In this way we hope to explore how patrons that communicate with each
other travel around the park.
To further trace the movement of the group (461004,416790,1502920), we visualize their attraction records and communication in the same graph. We can clearly see that most of time, they visit the same attractions and barely separate.
Figure 6: Group (461004,416790,1502920)’s check-ins
and communications.
Another suspect is visitor 921888 who checked in at the Pavilion right after group (461004,416790,1502920), Figure 5. From the records, it is the first day that this patron came to the park, and he/she returned to the hotel at 12:10pm, Figure 7.

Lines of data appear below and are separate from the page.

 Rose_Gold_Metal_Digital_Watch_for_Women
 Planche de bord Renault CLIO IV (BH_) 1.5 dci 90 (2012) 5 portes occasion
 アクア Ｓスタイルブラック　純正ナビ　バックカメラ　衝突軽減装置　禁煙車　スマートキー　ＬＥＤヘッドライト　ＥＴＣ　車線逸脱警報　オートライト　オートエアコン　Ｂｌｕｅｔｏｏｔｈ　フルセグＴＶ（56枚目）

Figure 7: Visitor 921888’s
check-ins and communications.
Pattern 4: High
external call volumes
We also observed patterns
of high external call volumes.
Figure 8:
Histogram for the total external amount excluding the broadcasting IDs.
We explore this patron’s
movement and communication pattern.We find that this person has a large amount
of external messages at the Pavillion even though the Pavilion is closed.
Figure 9:
Attraction and communication situation for the visitor 1711922.
Pattern 5: Visitor preferences
The figure below shows
that there were more people sending messages out from the thrill rides, which
implies that these rides have a large popularity.
Figure 10:
The distribution of sending message amount on Sunday.
MC2.3 –
From this data, can you hypothesize when
the crime was discovered? Describe your
rationale.
Limit your
response to no more than 3 images and 300 words.

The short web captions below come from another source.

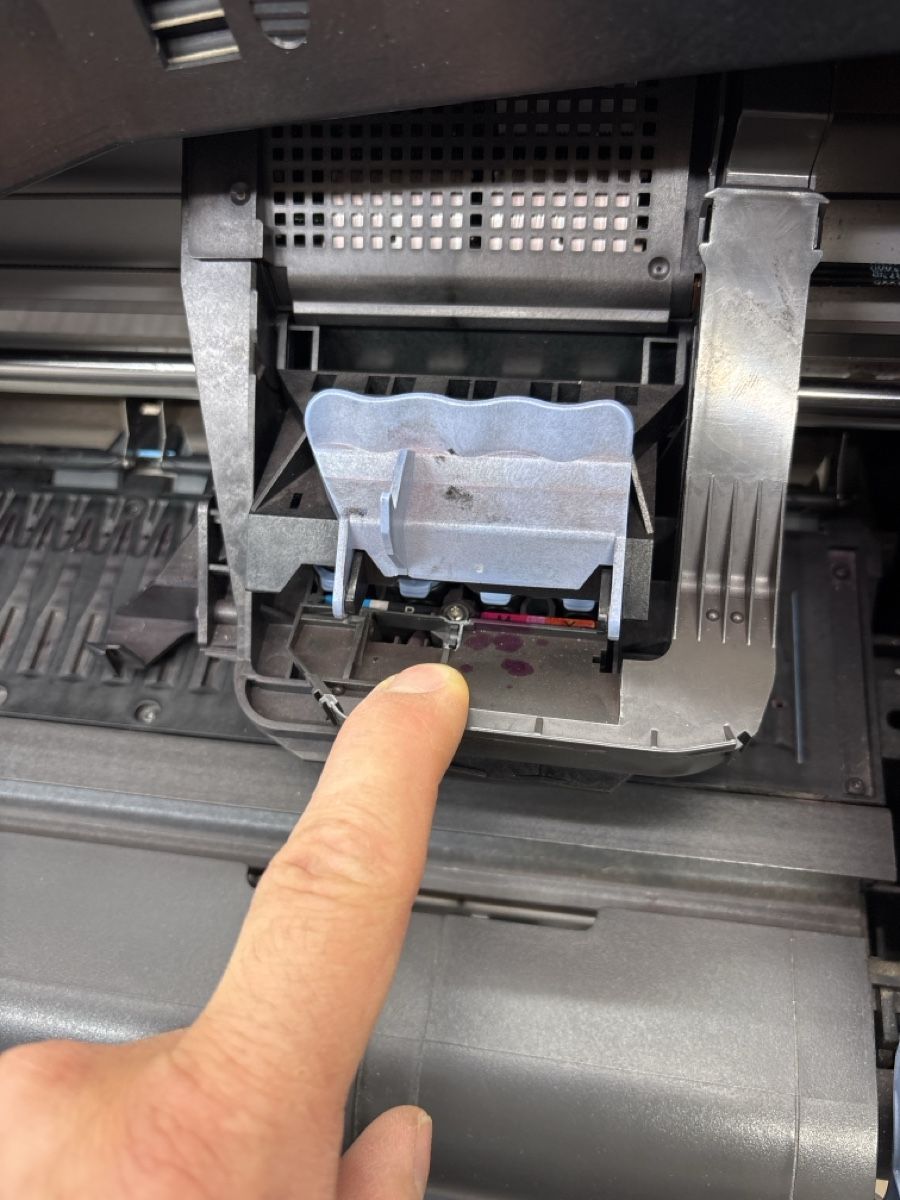 Hewlett Packard Stampanti: hp Designjet 500 – Difettoso da Wolfhausen venduto da luckyMonday 5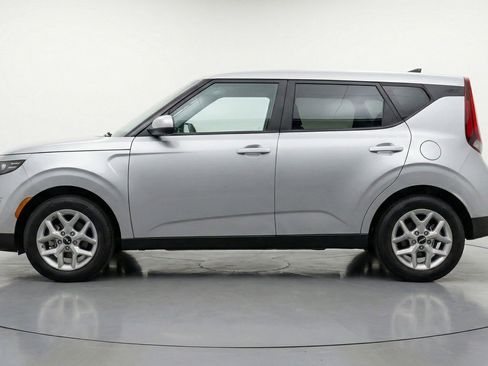 Used 2025 Kia Soul LX w/ LX Technology Package image 5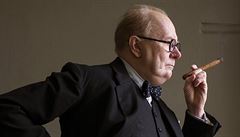 Gary Oldman je jako Winston Churchill k nepoznání. Snímek Nejtemnější hodina... | na serveru Lidovky.cz | aktuální zprávy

From the data, we hypothesize that the crime was discovered on Sunday between 11:30 and 11:45AM. We found that all four types of communications (Sent, Received, External and Unique) around the Pavilion (attraction 32) on Friday and Saturday display a strong temporal pattern with high volume peaks from 8:30-10:00, 11:30-15:00, and 16:30-21:00 in the attraction calendar view. On Sunday, the first pattern from 8:30 to 10:00 existed, but the second pattern from 11:30 to 15:00 changed and the third pattern was gone.
The sent volume is a few thousand messages from 11:30-12:00 on Friday and Saturday at Pavilion, but the volume reaches more than 29000 during that time on Sunday. We can also see that the volume of communication decreases significantly after 12:30 on Sunday and we hypothesize that the crime is discovered between 11:30 and 12:00. Next we investigate the detail view of the communications from 11:30-12:00 by clicking that cell in the calendar. A set of circles are displayed above the calendar, each colored based on the number of communications per minute during this half hour block. We can see that the external volume has a clear division at 11:45am. We hypothesize that at 11:38AM the crime was discovered by the staff and several announcements are broadcast, which result in an increased volume in sent and received messages at 11:39, 11: 41, and 11:44. After that, visitors start messaging their friends and staff may contact the authorities, which result in a significant increasing external volume at 11:45.